Geschichtsbeflissen zeigt sich Olaf Thiede nicht nur, wenn es um Potsdams alter neuer Schönheit geht. Auch von der Havelländischen Malerkolonie, die bis 1870 zurückzuverfolgen ist, fühlt er sich in die Pflicht genommen. Schließlich setzt er – neben Malern wie Oda Schielicke, Christian Heinze, Thomas Kahlau oder dem sehr artverwandten Pastellmaler Alfred Schmidt – diese auf“s Gegenständliche ausgerichtete Tradition fort. Zehn Jahren schob er den Karren an, und bekam ihn doch nicht recht in Gang. Pfingsten warf er schließlich enttäuscht das Handtuch. Die Ausstellungen im Gildehaus am Schwielowsee, in denen er mitunter drei Wochen allein die Arbeiten bewachte, gehören damit der Vergangenheit an. „Es fehlte die Unterstützung von der Gemeinde, vor allem aber auch von den Künstlerkollegen.“ Nun bringt er sein Wissen in das Museumsprojekt Ferch ein, wo bis 2008 im Kossätenhaus ein Refugium für die alten Havelland-Maler entsteht – wenn es mit den neuen schon nicht klappt.

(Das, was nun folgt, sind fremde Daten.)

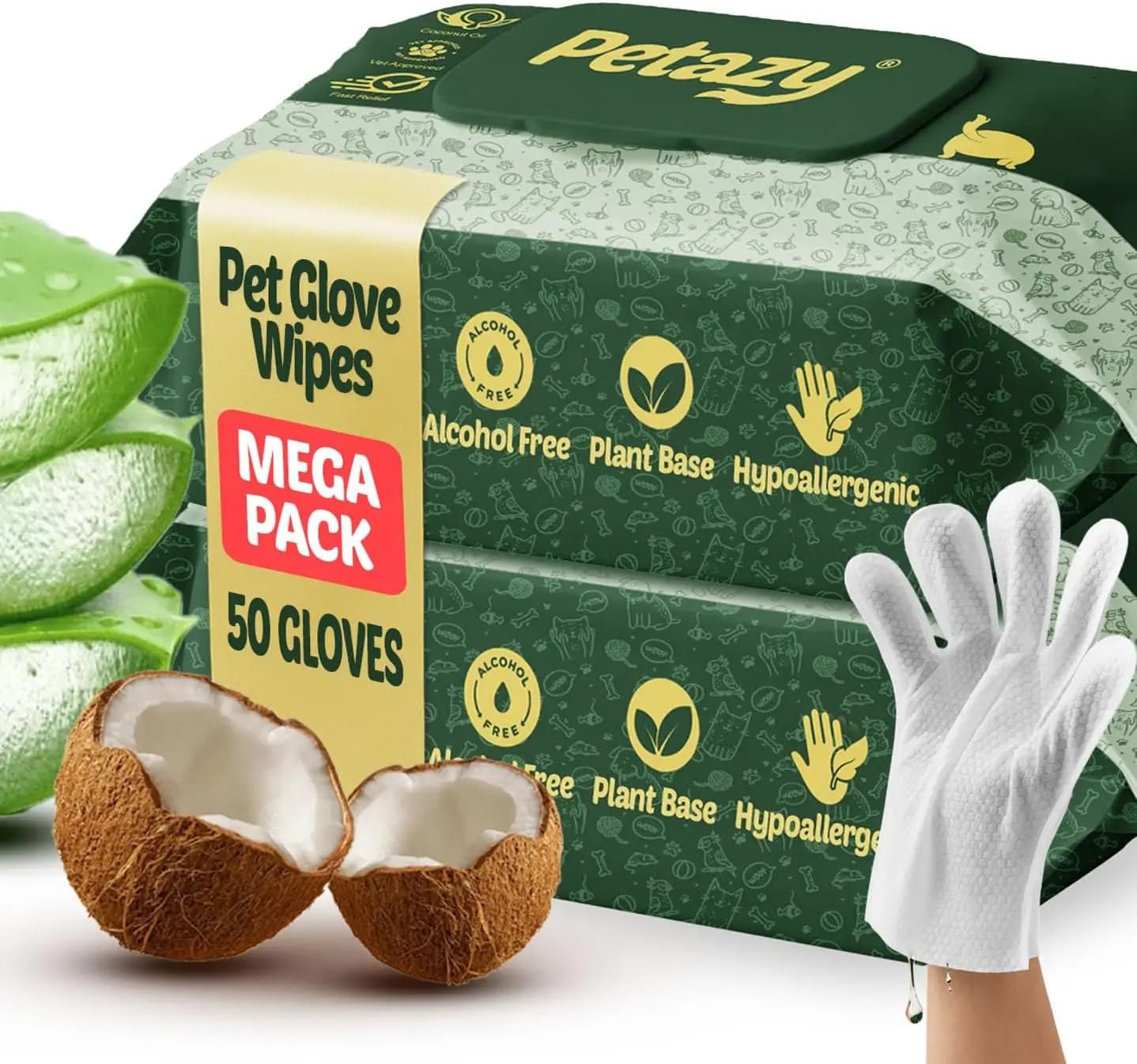 Guanti Ipoallergenici per la Pulizia degli Animali Domestici con Aloe e Olio di Cocco per Cani e Gatti, Confezione da 50 Salviette per Toelettatura Senza Risciacquo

Olaf Thiede wird sich indes nicht unterkriegen lassen. Derzeit stellt er gemeinsam mit Gisela Neuenhahn in der Galerie „Alte Metzgerei“ in Ferch seine Arbeiten aus. Man müsse sich schon kräftig drehen, um von der Malerei leben zu können: „Der Kunstmarkt ist gesättigt, in drei Monaten verkauft man höchstens ein Bild“, so seine Erfahrung. „Und die Banken“, erklärt er auf Nachfrage, „kaufen ohnehin nur Abstraktes. Dazu braucht man keine Meinung zu haben“, spitzt er sarkastisch zu.

Auch trotz des zeitraubenden Engagements für die neue „Kolonie“ habe er stets weiter gemalt: „Oft nachts, statt zu schlafen. Die Disziplin kenne ich aus meinen ersten 15 Berufsjahren als Grafiker bei der HO-Werbung und im Interhotel.“ Doch diese Branche ist für ihn seit der Wende und dem Computerzeitalter passé. „Ich bin bei der Handarbeit geblieben.“ Und mit ihr erforscht er weiter die Geheimnisse des Lichtes: sei es in der Urlaubs-Morgensonne Venedigs oder im Abendrot am Brandenburger Beetzsee. Und wenn die Natur es will, geht es auch mal düster zu.

Heute zwischen 15 und 18 Uhr führt er erneut durch seine Ausstellung. Eintritt ist frei. Die Schau läuft bis 15. Juli.